Jumbo Jets as defense
Similarly, Jets can be used as defensive objects. If I’m close to winning, I’ll put my jets on lower valued spokes to deter my opponents from attacking them as easily. The worst thing that happens if I lose the spoke is I use my jumbo to try to re-acquire it.
Buying Foreign Spokes and deploying SST’s
Foreign spokes are a last resort for me really, due to the risk of possibly losing them. They’re nice in that they pay more in most instances than jumbo jets, and they offer the same plus one die modifier to the entire hub. Because of the extreme expense of the SST, I rarely purchase it. Matter of fact, I’ve only purchased it once – on the Rio De Janeiro spoke – and it was an offensive purchase as the next turn around I went into fare wars and knocked out an opponent who was near victory by taking over majority of the Atlanta Hub. The SST and takeover attempts cost me $30 in cash ($20 for the SST, $2 for the Birmingham takeover, $2 for the Jacksonville spoke, and $6 for the Nashville spoke – but netted me an overall gain of 100 market share. He dropped 50, I gained 50. I was able to hold off his counter-attacks long enough to sustain the cash loss and make enough money to win the game.

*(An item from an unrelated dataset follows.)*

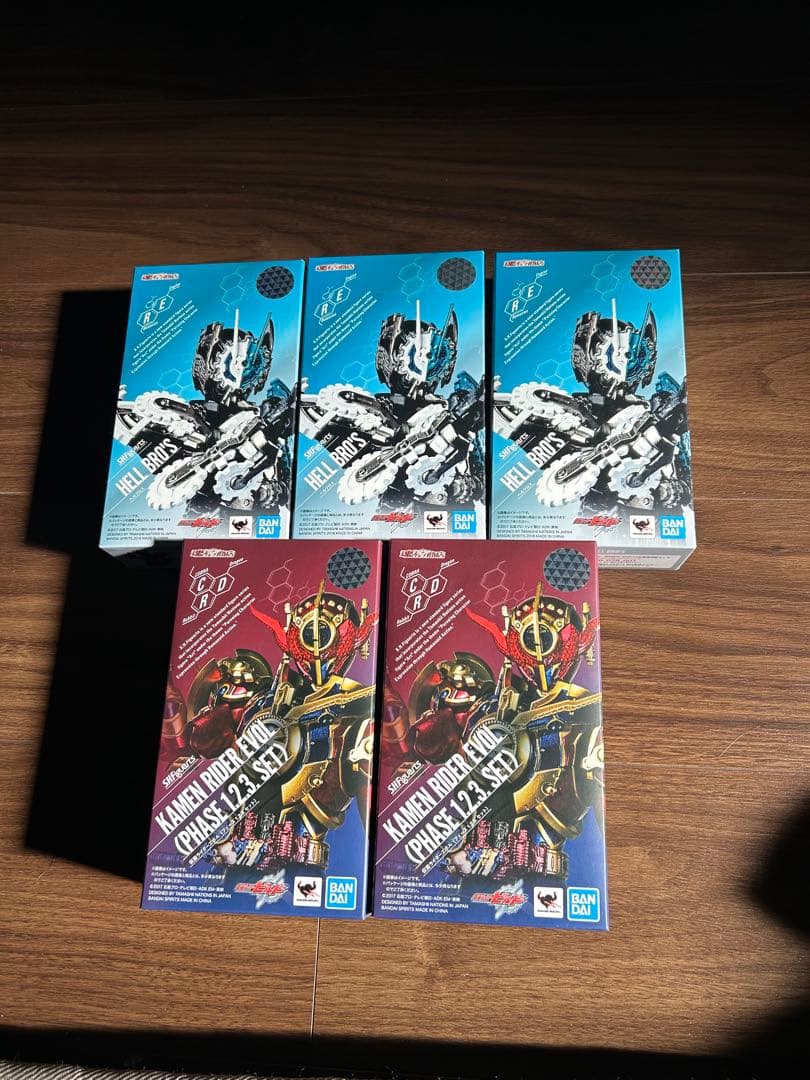 S.H.Figuarts仮面ライダーエボル&ヘルブロス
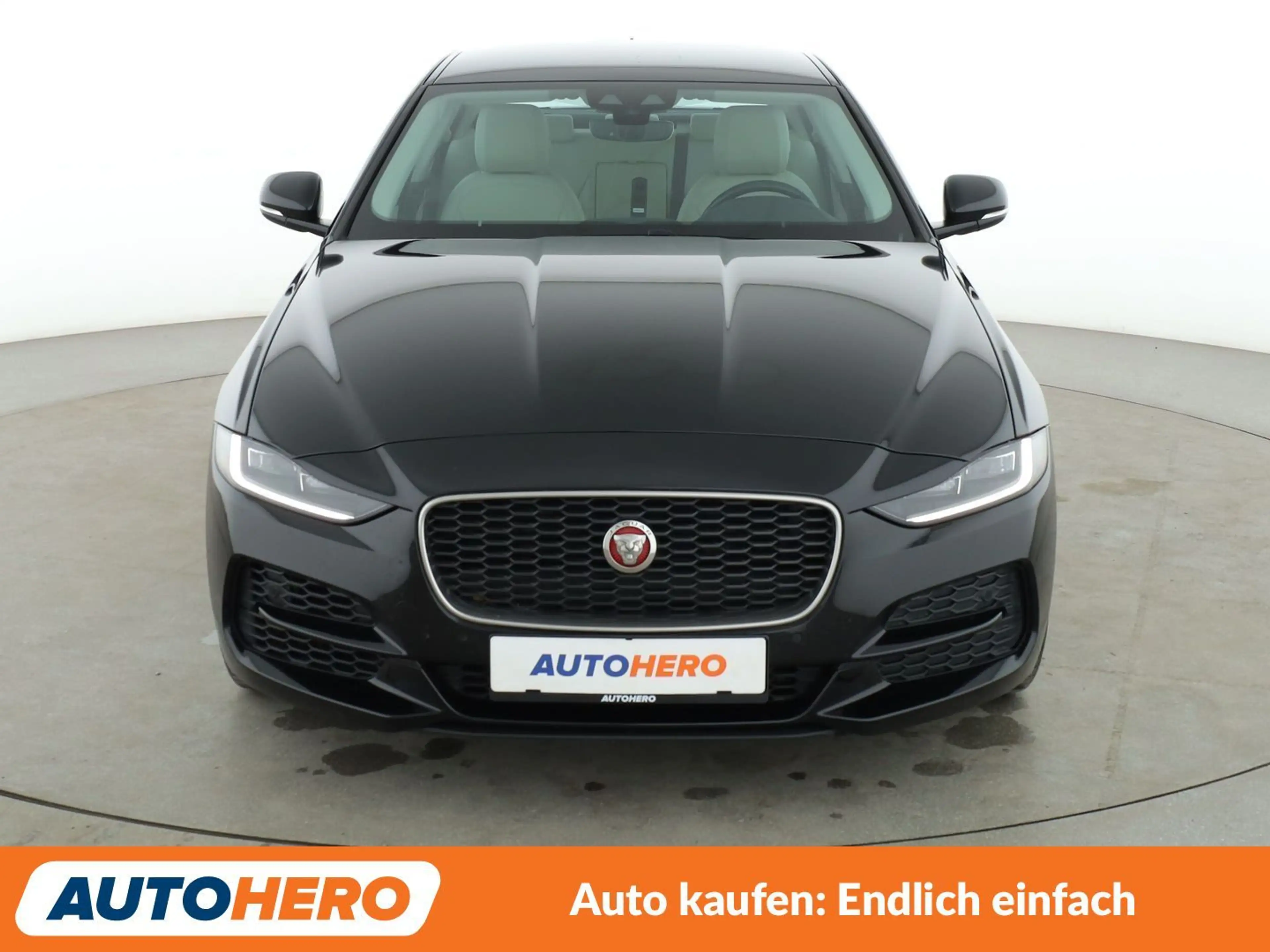 Jaguar XE 25t SE Aut.*NAVI*TEMPO*CAM*PDC*SHZ*KLIMA* — photo 9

When you take the game Air Baron to it’s roots, there is a lot of luck involved. You can’t be as aggressive with your purchases if you start the game in the first position and have $2. You can go after a $1 spoke and hope you get the hub pulled during the round. You may decide to pay $2 for a $1 government contract and end up making $40 on it. You may end up spending $10 on a $5 contract and not see a dollar from it. You can make all the wise purchases on the board, but in the end if your chits aren’t pulled frequently enough it’s tough to compete.
This is what makes Air Baron a particularly frustrating game for some gamers. You think you have things going your way and you get hit with the crash chit and the fuel hike chit in back to back turns. You see all your good paying chits pulled during a recession. You lose valuable payments sitting dormant in fare wars. Sometimes you go many turns without seeing any payouts. Some of these scenarios while still based on luck, can be avoided based on your strategy – which is why I’ve decided to post this.
The thing that makes this game great in my opinion is the fact that no matter how up you are, you can easily lose. No matter how low you are, you can still win. I’ve been in a longer game where a player went bankrupt twice and still came back and won the game by taking $60 loans, going into fare wars and winning certain hubs. If you have patience and enough luck to keep the frontrunners just short of winning, you’re always a fuel hike away from a possible new game.
I was browsing the comments section of this game, and wanted to address something. I'm not sure if I really went into it here, but when your chits aren't getting pulled it is frustrating. There is a sense of luck involved in this game, as in many games.
If you have an opponent who is running away with the game because they keep getting paid, keep accumulating properties, and subsequently increasing their liklihood of getting paid in the future - take advantage of the loans. Take $30-$40 in loans, go into fare wars, chip away at their lead. This is a game where it's odd to idly sit by and wait for good things to happen to you. Now, I have won this game by not going into fare wars once and not taking a loan once. That happened one time and it was a 3 player game where I was extremely lucky. Extreme luck doesn't come very often, so you're going to have to make your own luck with this one sometimes. It can be done.